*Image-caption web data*
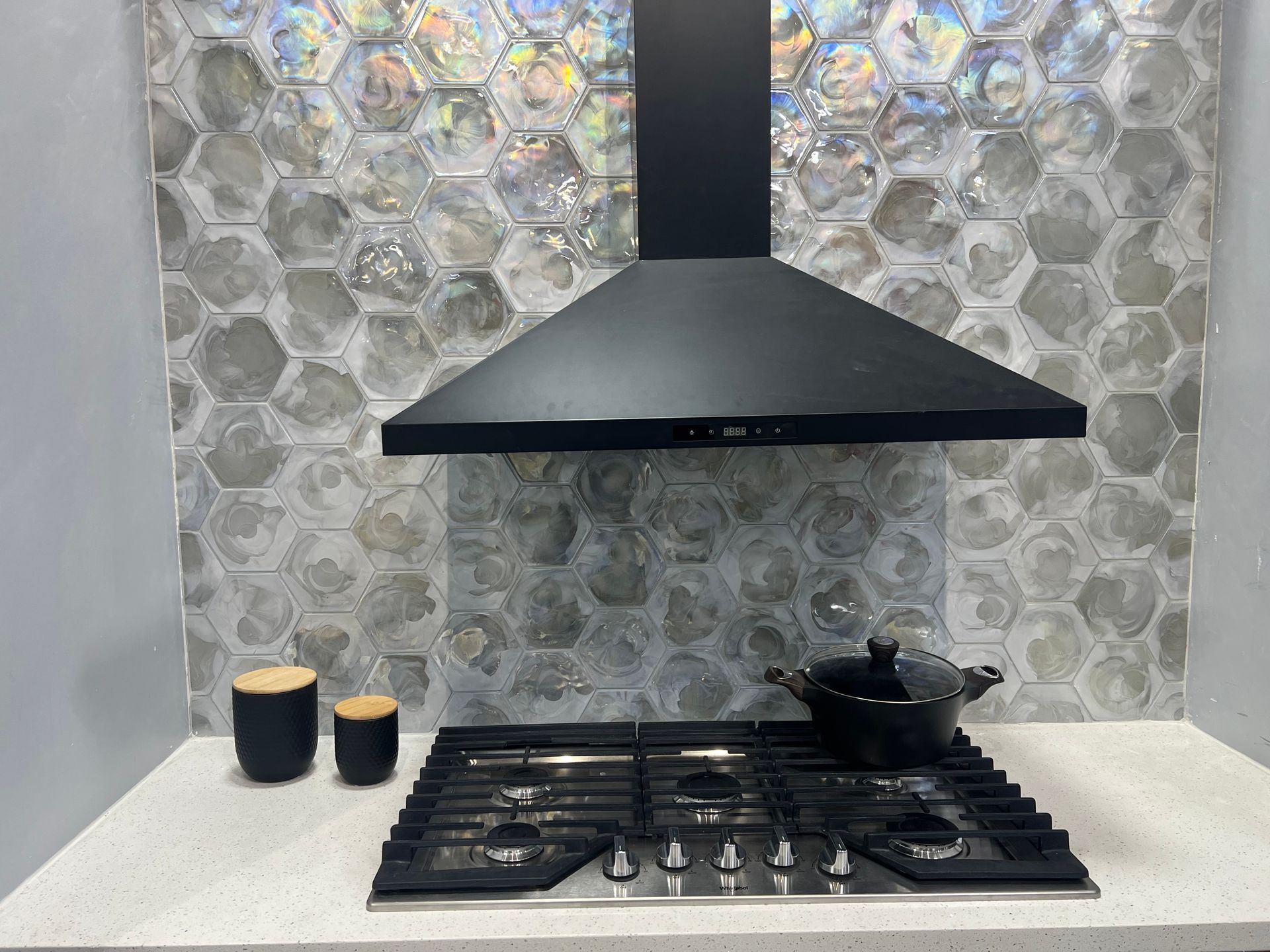 Kitchen with black range hood, gas cooktop, and hexagonal gray backsplash.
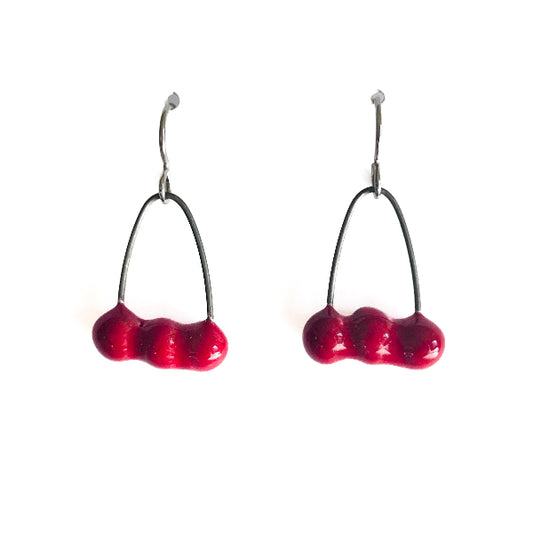 Red cherry-shaped earrings on a white background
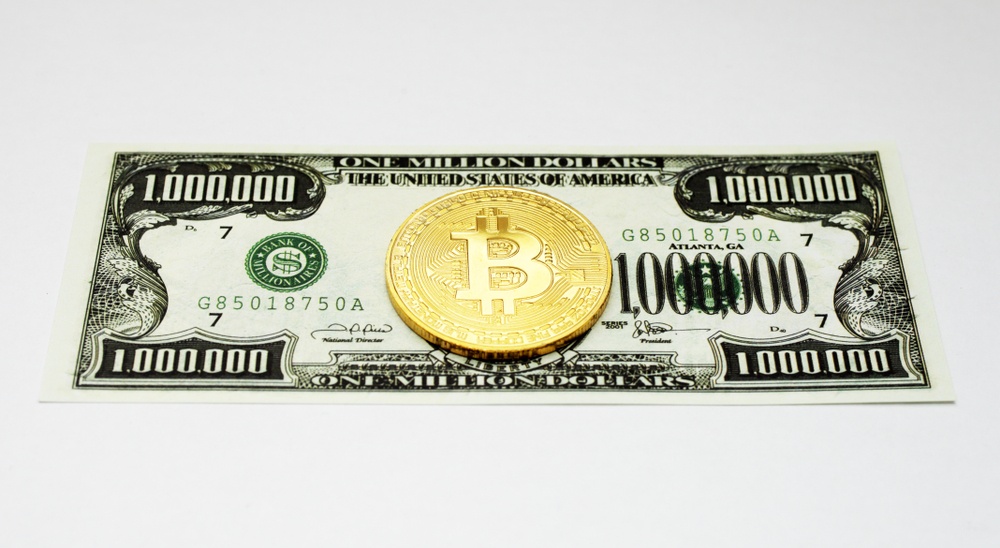 a million dollar note against a white background, with a bitcoin on top, signifying the idea that bitcoin might reach  alt=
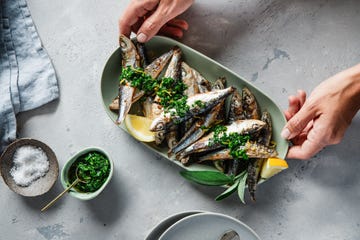 woman hands serving grilled sardines with spices on a table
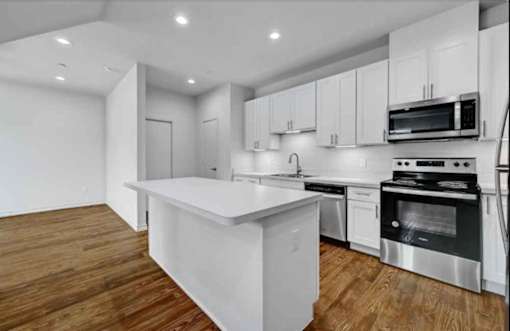 A modern kitchen with stainless steel appliances and wooden floors.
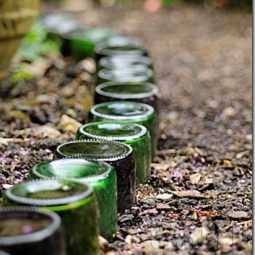 Glass bottles used as path edging feature in small garden_thumb.jpg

*WORK TO BE COMPLETED*
Make an exact copy of the lines of the records from the line containing "woman hands serving" through the final line, both ends included, but not of the pictures.

*RESPONSE BOX*
 woman hands serving grilled sardines with spices on a table
 A modern kitchen with stainless steel appliances and wooden floors.
 Glass bottles used as path edging feature in small garden_thumb.jpg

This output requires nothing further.